Speaking for myself, I have experienced both sides of the fence.  In my early life,  I lacked the discipline to really follow through.  I glossed over things and let my talent cover it.  Later, my talent was no longer enough.  So, I started learning discipline through hours in the practice room.  I willed myself past my idea of what discipline was and forged a new idea, a new standard of discipline.

I couldn't always hold it.  At times, I made excuses.  At times, I folded.  But as I got older, I found discipline to be the prime source of fulfillment in my life.  I thrive on it now.  A day lived with discipline is a day living in forward motion.  A day without discipline is a step backward and likely a wasted opportunity.

I have learned a lot about Follow Through by observing myself, but also my students.   I have seen students come in methodically, always prepared, and they improve steadily with quality and thoughtfulness.  I have seen them come in and totally wing it, thinking that their talent would get them over, or that they could blow off the work they were supposed to do, probably thinking.. "Ah, I do it someday."

Follow Through in your stroke.

Follow Through in what you're doing.

Follow Through in your communications with people.

Follow Through with your intentions.

Follow Through completes a thought.  It completes, makes whole, ties up the loose ends.

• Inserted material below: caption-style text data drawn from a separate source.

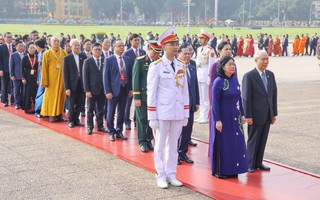 Đại biểu tham dự Đại hội đại biểu toàn quốc MTTQ Việt Nam vào Lăng viếng Chủ tịch Hồ Chí Minh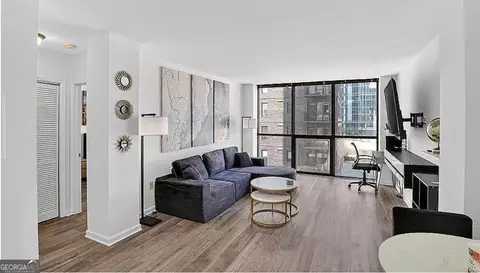 1280 W Peachtree St NW #2806, Atlanta, GA 30309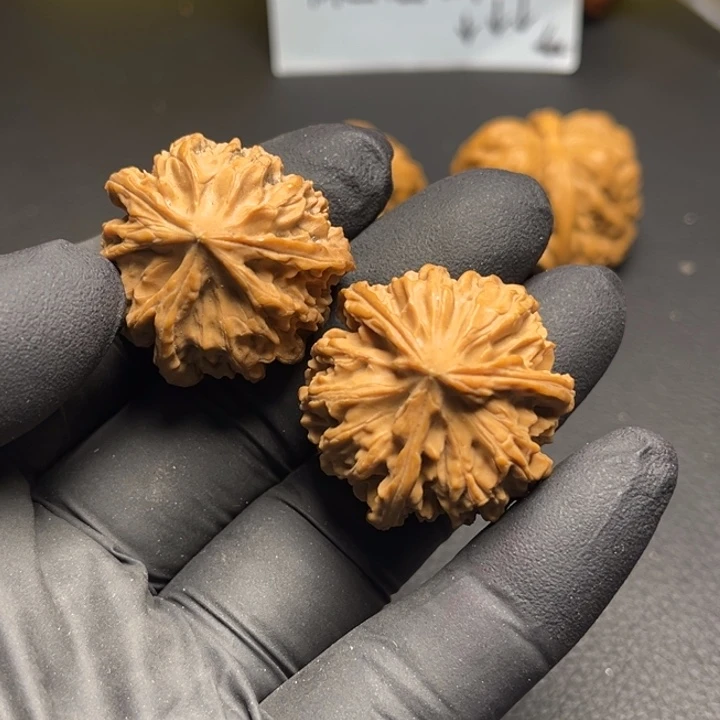 文玩核桃吊坠岐山三棱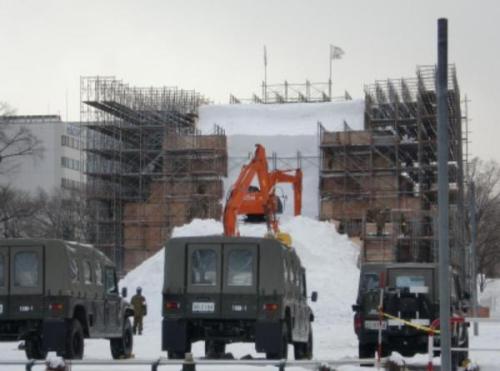 highlandvalley:HoundさんはTwitterを使っています: “札幌雪祭りに自衛隊が協力していますが、自衛隊がどれだけ本気かと言うと コンピューターを使ったCAD設計 詳細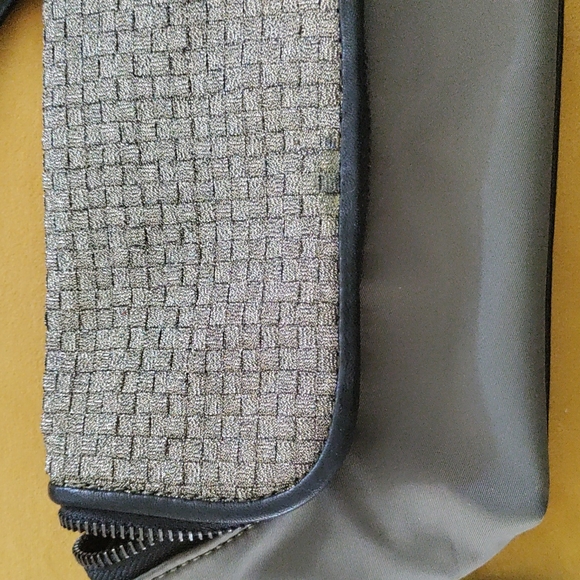 Bernie mev purse - Picture 2 of 3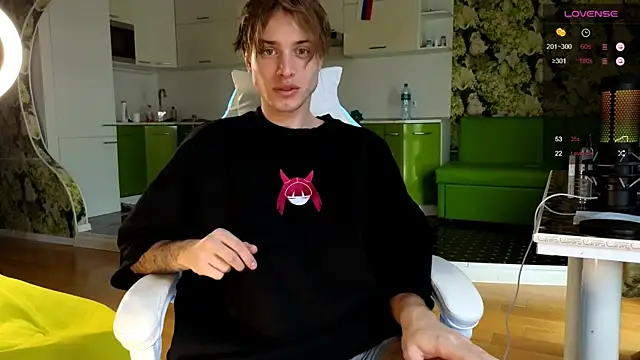 Snapshot of Cryptikov chatting on 15, 10, 2025 Cryptikov online show from 15, 10, 2025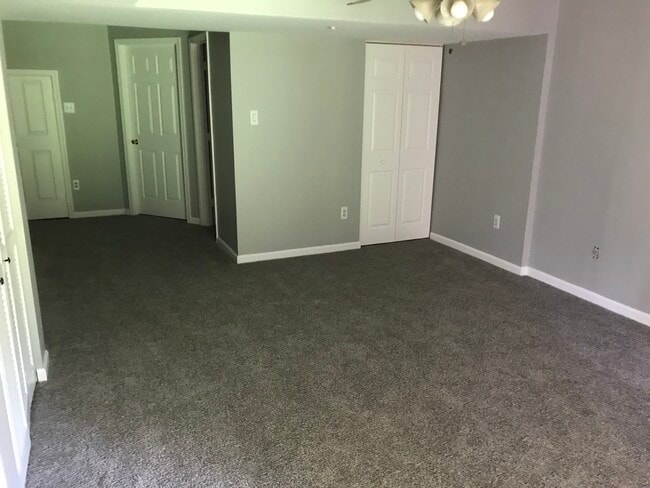 Building Photo - 3159 Eden Dr
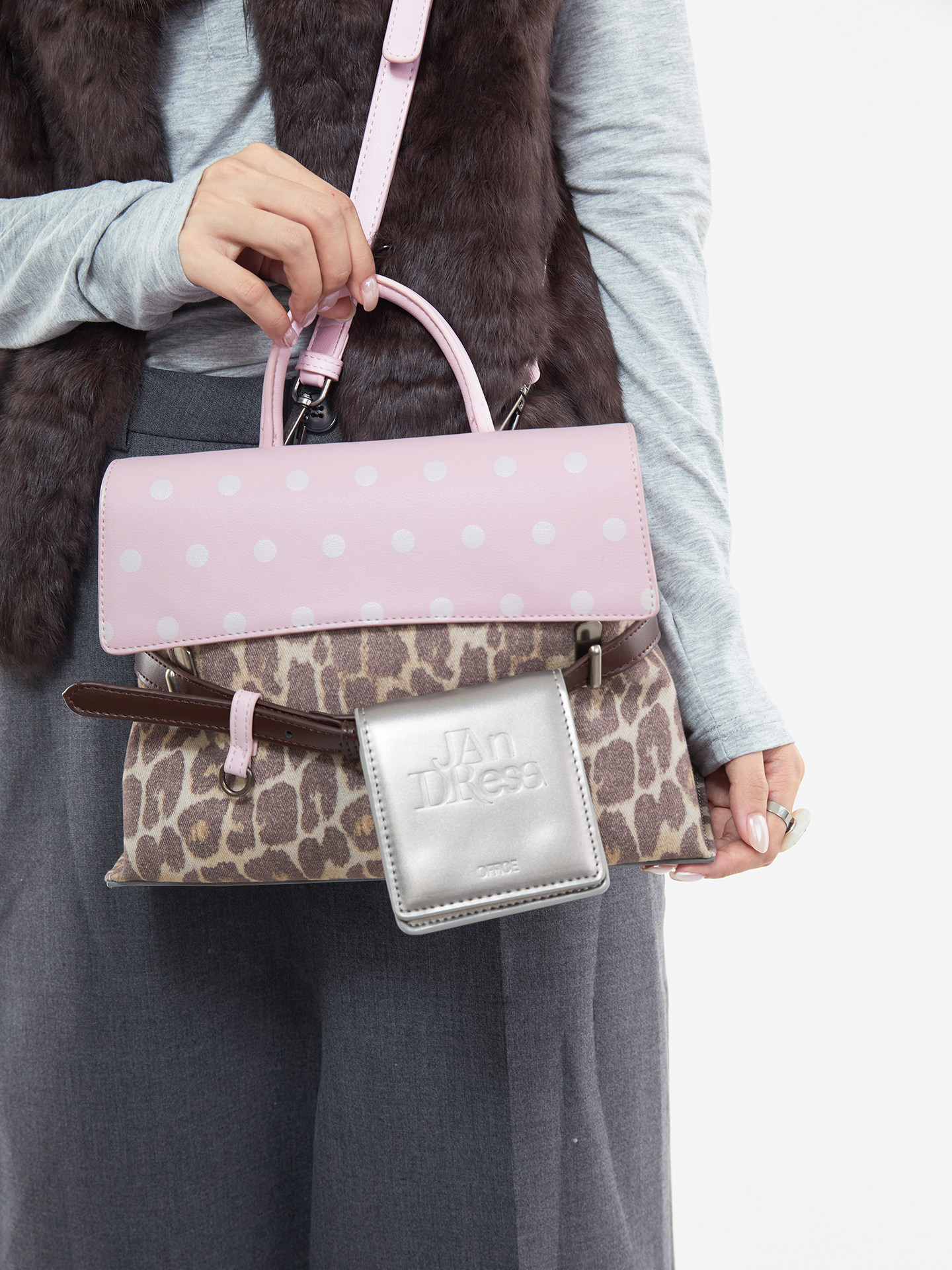 JANDRESS Pink Leopard Print Magnetic Snap Backpack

Follow Through continues something: a promise, a relationship, an idea.

Follow through with your undertakings.  Finish them.

Like this post.

Have a great day.

Fin.


Monday, January 15, 2018

Freedom Through Discipline

Discipline is a powerful word.  As youngsters we know it to mean something negative, like getting in trouble, a trip to the principal's office.  As we get older, we begin to see it in a different light.

Discipline starts to mean self-control.

We see it play out in people's lives.  We see those who have little discipline seem to go up and down in life.  And, we see those who seem to have a lot of discipline seem to always come out ok, always be steady, always be prepared.  And as a result, they are the ones who stack up the gains, the goals attained.  You never see them too up or too down and they don't seem to be sweating anything.  They seem at ease and sure of themselves.  What they have created is:

Freedom Through Discipline.

Discipline is the methodology, methodical, way of living that leads to freedom.  How interesting and simple!  By 'restricting ourselves' and being disciplined, we create freedom.  Freedom through discipline.

Freedom from what?  From being discombobulated!  From being hurried.  From being unsure, unprepared, caught off guard.  Freedom from the X factor of the unknown.  You have created your life, you know the limits, you know the potential, you are on sure footing.  At least as sure as one can be in this life.

Freedom from not knowing.

I remember how I felt when I was a child and could not yet read.  It bothered me that I couldn't read, I felt left out and I wanted to know what everything said.  I needed to know.  I had to know.  So I went beyond my school class and learned to read.  I asked questions, I stumbled over words, but I got it.  It didn't even feel like discipline, but it was.

Discipline creates freedom.  Nothing is left to chance, therefore you can be an even greater improvisor.

Discipline is everything.  Everything stems from it.